Woody's lyrics include the wonderful "Songs to Grow On" for children, plus verses about mountains, rivers, prairies, cities and dams. He told stories with music about the Depression, the breadlines, dust storms, and World War II. He wrote ballads about the hoboes, migratory workers, heroes and criminals and hero-criminals, Okies, sailors, soldiers, sharecroppers and wetbacks. Taken together, his works are a panorama of American life during the 1930's and '40's.
Although he became, in particular, the bard of the down-and-outers, his songs are also full of typical American humor, hope and confidence in the future. Many of his pieces became widely popular, but Guthrie himself was never a popular entertainer. Early in the '40's a Broadway producer arranged to present him in a sort of backwoods or hillbilly setting at the Rockefeller Center's Rainbow Room in New York City.

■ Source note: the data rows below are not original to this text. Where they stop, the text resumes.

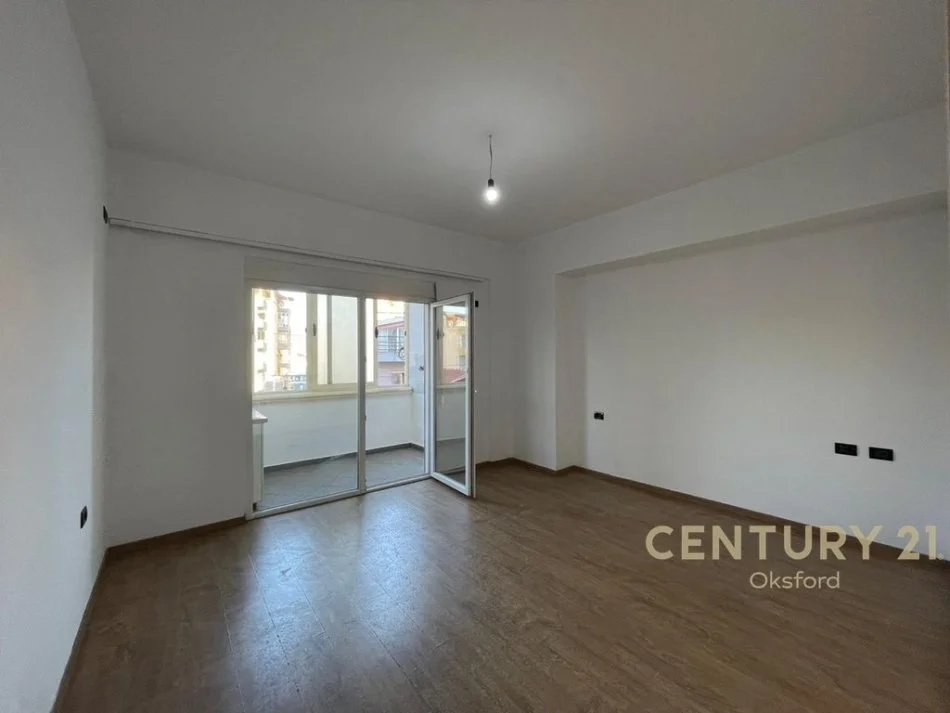 Tirane, shitet apartament 2+1 Kati 3, 70 m² 140.000 € (Kodra e Diellit)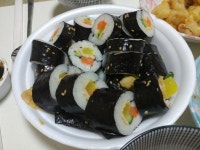 오늘 아침도 김밥이네욧ㅎㅎ 오늘 일 늦게마쳐서 밥을 안앉혀놔서...... 얼른자야해요ㅠㅠ 시간에 쫓기면서 시간을 재면서 늘 잠을자욧ㅠㅎㅎ... 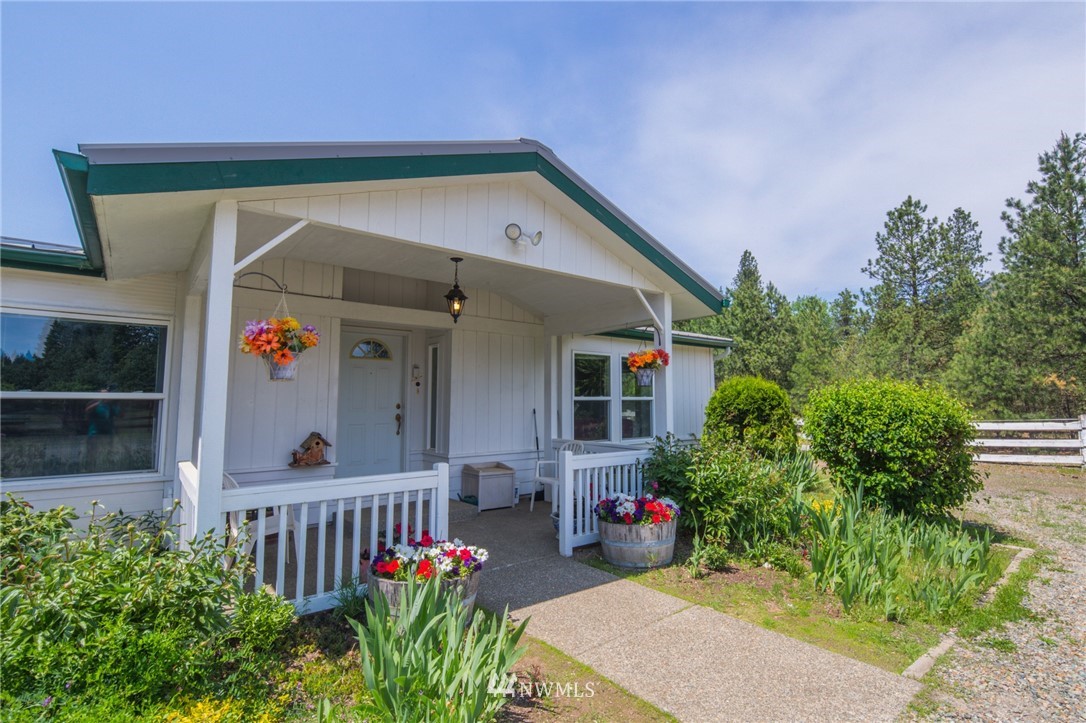 6700 Nelson Siding Road Cle Elum, WA 98922 - Photo 3 of 25
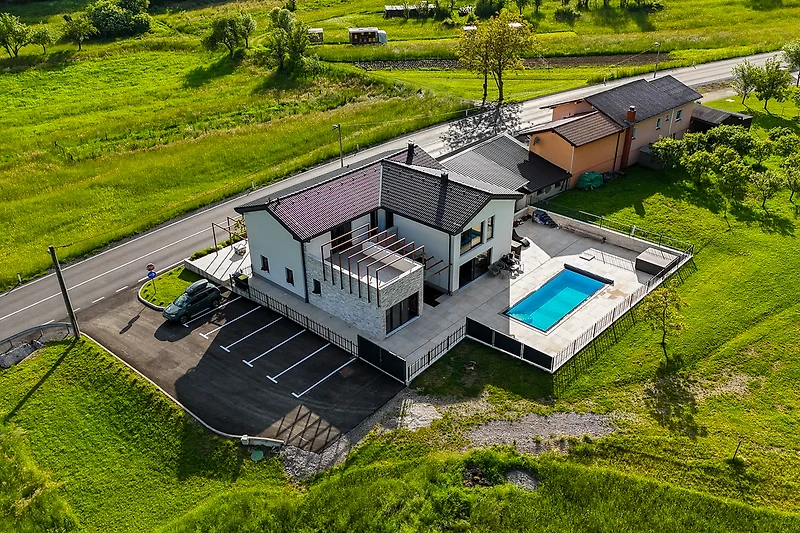 Villa mit Pool und gepflegtem Garten in ruhiger Wohngegend.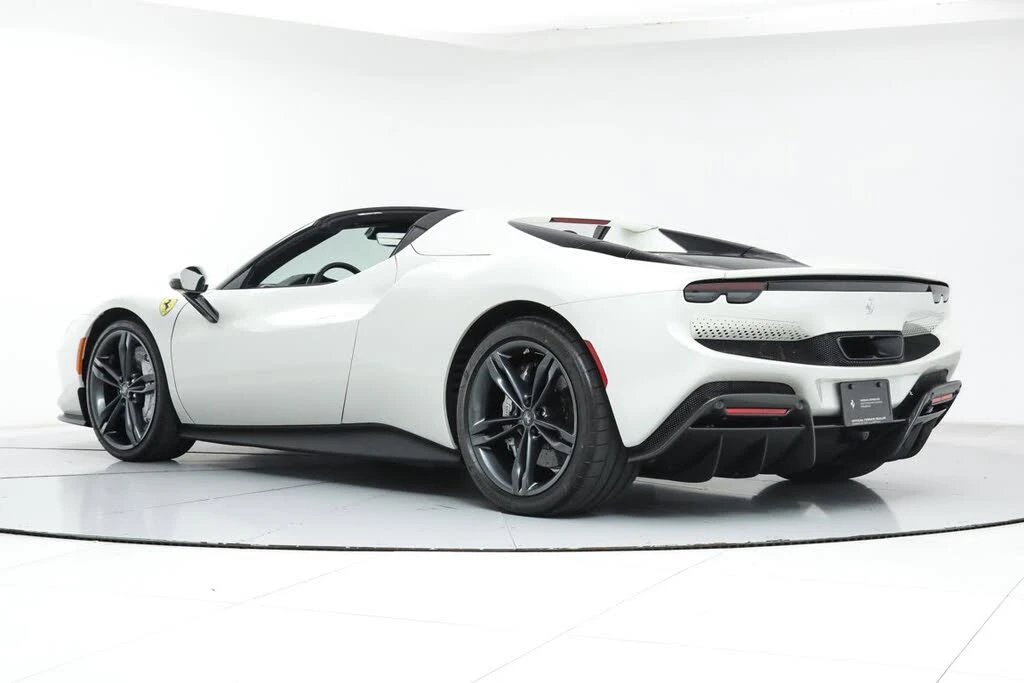2025 Ferrari 296 GTS - Image 27 of 31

When Woody arrived, and the show's premise was outlined to him, he bolted, found the nearest exit, and quickly left town for a while. Later, he wrote "Well, this Rainbow Room's a funny place to play/It's a long ways from here to the U.S.A."
Today (the early '60's) Woody lies in a hospital bed, a victim of Huntington's Chorea, an incurable nervous wasting disease, which struck him down some years ago and abruptly brought his career to an end. "East Texas Red" is one of Woody's best ballads. This song about treacherous and violent doings in a hobo camp is sung by Guthrie's long-time friend and traveling companion, Cisco Houston. Cisco's own career and life came to a tragic end at age 42, on April 28, 1961, due to stomach cancer.